Jose Bautista rose from obscurity to fame with the Blue Jays and helped return baseball to prominence in Canada, leading the team to back-to-back American League Championship Series while providing a slew of memorable moments along the way. Here are the top five:

THE BAT FLIP

Bautista provided one of the most iconic images in Blue Jays history with one flip of his bat. But what a flip it was. Emotionally-charged after hitting a tiebreaking three-run homer in Game 5 of the 2015 American League Division Series against Texas, Bautista paused for a moment as the ball flew out of the park, then tossed his bat high over his shoulder as the sold-out Rogers Centre crowd erupted. The Rangers had taken a 3-2 lead in the top of the inning on what was ruled a throwing error on Russell Martin, and Toronto was on the verge of elimination in its first post-season appearance since 1993. But Kevin Pillar scored on a Josh Donaldson force out to tie the game, then Bautista hit his line drive homer – the most significant in Toronto since Joe Carter’s World Series winner in ’93 – to propel them into the AL Championship Series.

THE REVENGE HOMERS

Bautista could hit a home run regardless of his mood, but the ball always seemed to fly more freely when he was angry. He had a knack for making a pitcher pay for plunking him with a pitch, nearly plunking him, or even just saying something he didn’t appreciate. That was never more true than against the Baltimore Orioles, especially reliever Darren O’Day. The Bautista-O’Day feud began on June 21, 2013 when the Baltimore side-armer struck out Bautista to end an inning, then made a comment as he skipped off the mound. When the two faced each other the next day, Bautista took O’Day deep, and as he rounded third base, made a talking gesture with his hand in the pitcher’s direction.

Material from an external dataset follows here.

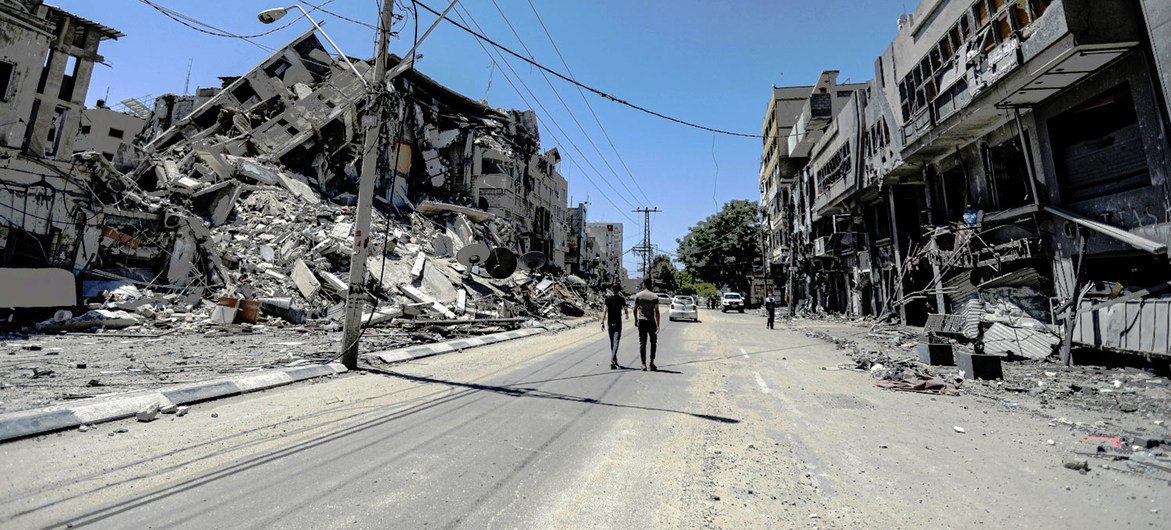 Bâtiments détruits par des frappes aériennes dans la bande de Gaza.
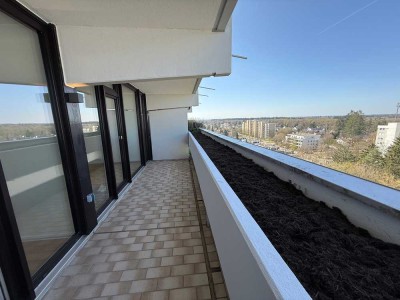 TOP Preis für vollsanierte exkl. 3-Zi.-ETW im 10.OG mit spektakulärer Aussicht und TG-Ohne Provision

Two years later Bautista tagged two Baltimore relievers over a 10-day span after both threw a pitch behind him earlier in the at-bat. The first was off O’Day on April 12, 2015, a two-run homer in the eighth inning. The other was a seventh-inning two-run blast against Jason Garcia on April 21.

THE 50TH HOME RUN

Bautista reached rarefied air on Sept. 23, 2010, when he launched a homer run off Seattle ace Felix Hernandez at Rogers Centre to become just the 26th player in Major League history to hit the 50-homer plateau in a single season. The homer came in Bautista’s first at-bat and represented Toronto’s only run in a 1-0 win. While Bautista finished the year with 54 homers, his 50th stands out, not only because of the milestone itself, but because of when it happened – at a time when fan attendance in Toronto was at an all-time low. Only 12,590 people saw the historic homer in person and the Blue Jays closed out the year 12th in overall attendance out of the 14 AL teams. Those numbers steadily increased over the next seven years thanks in large part to Bautista. Toronto led the AL in total attendance in 2016 and 2017.

THE PUNCH

Bautista’s bat may have created a formidable rivalry with the Rangers, but it was his face – and Rougned Odor’s fist – that solidified it. Tensions between the two teams boiled over on May 15, 2016, almost seven months to the day of Bautista’s infamous bat flip, when the Rangers second baseman clocked Bautista in the jaw following his aggressive slide at the bag. Bautista had reached first base when Texas reliever Matt Bush hit him in the triceps with a 98 mile-per-hour fastball, and slid hard into second two batters later on a ground ball from Justin Smoak. Odor’s punch prompted a benches-clearing brawl and six ejections. After the game Bautista told reporters: “He got me pretty good, so I have to give him that. It takes a little bit bigger man to knock me down.” Odor was suspended eight games for the incident, later reduced to seven. Bautista received a one-game suspension.

THE COMMENTS

Bautista was never one to shy away from a good quote, but an unlikely foe (or hero, if you’re an Indians fan) made him eat his words during the 2016 ALCS. Following the Blue Jays’ Game 4 win against the Indians, which cut Toronto’s series deficit to 3-1, Bautista told reporters that Cleveland’s Game 5 pitcher, rookie Ryan Merritt, would be “shaking in his boots” when facing the potent Toronto lineup the next night. Merritt, who had pitched only 11 innings over four games before that, shut down the Blue Jays, holding them to just two hits over 4 1/3 frames as the Indians won the game 3-0 and the series 4-1. Cleveland had some fun at Bautista’s expense after the game, holding up a pair of cowboy boots in the clubhouse as they celebrated. A number of players took to Twitter to rub it in publicly, including pitcher Trevor Bauer, who posted a photo of a champagne bottle inside a boot.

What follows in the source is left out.